Wishing the MF would be lower. 


Sent from BimmerApp mobile app


----------



## HPIA4v2 (Mar 30, 2006)

zoombie99 said:


> Wishing the MF would be lower.
> 
> Sent from BimmerApp mobile app


If the dealer doesn't mark up the MF (unlikely unless you are looking at GT or hard to sell BMW), it's 1.25% with 7-MSD. my credit union, best rate for financing is 1.49% assuming you have FICO of 800+

my CA told me he mark up .4% right now on new lease.


----------



## funkadesi (May 6, 2013)

X1 & 1 Series- $500.00 Holiday Cash
3 Series Sedan, 528i & 528i xDrive and X3- $1000.00 Holiday Cash
3 Series Coupe, Convertible, X5 & X6 Models,Z4 & M3 Models- $1500.00 Holiday Cash
535i, 535i xDrive,Active Hybrid 5, 550i, 550i xDrive,M5, and 5 Series GT-$2000.00 Holiday Cash
6 Series Coup, Convertible and Grand Coupe, M6 and all 7 Series models-$3500.00 Holiday Cash

^^ That was from last year. I'm hoping for same if not more. 

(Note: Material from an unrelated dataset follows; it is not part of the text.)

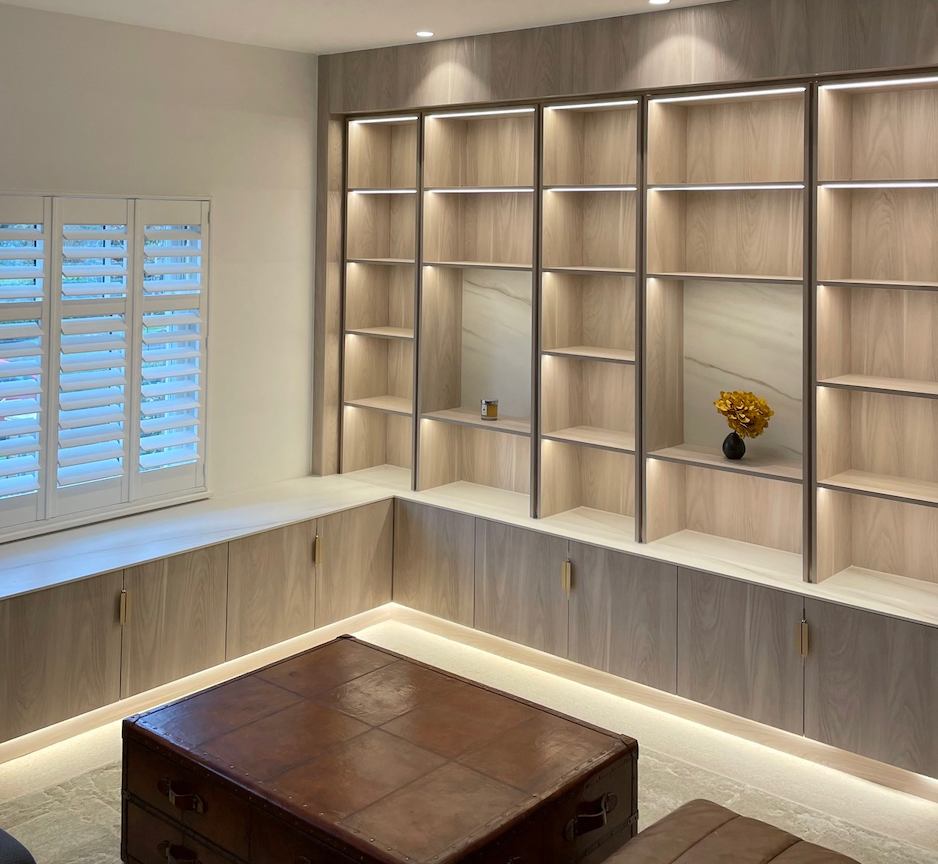 Ivychurch flat knurl overhang pull handle in satin brass on pale grey media unit by Timber Roc DJ carpentry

Can't want to put an ED order for the new 4er.


----------



## capt_slow (Sep 3, 2013)

funkadesi said:


> X1 & 1 Series- $500.00 Holiday Cash
> 3 Series Sedan, 528i & 528i xDrive and X3- $1000.00 Holiday Cash
> 3 Series Coupe, Convertible, X5 & X6 Models,Z4 & M3 Models- $1500.00 Holiday Cash
> 535i, 535i xDrive,Active Hybrid 5, 550i, 550i xDrive,M5, and 5 Series GT-$2000.00 Holiday Cash
> ...


When I initially read that, I thought it was for this year, but then I read the bottom. 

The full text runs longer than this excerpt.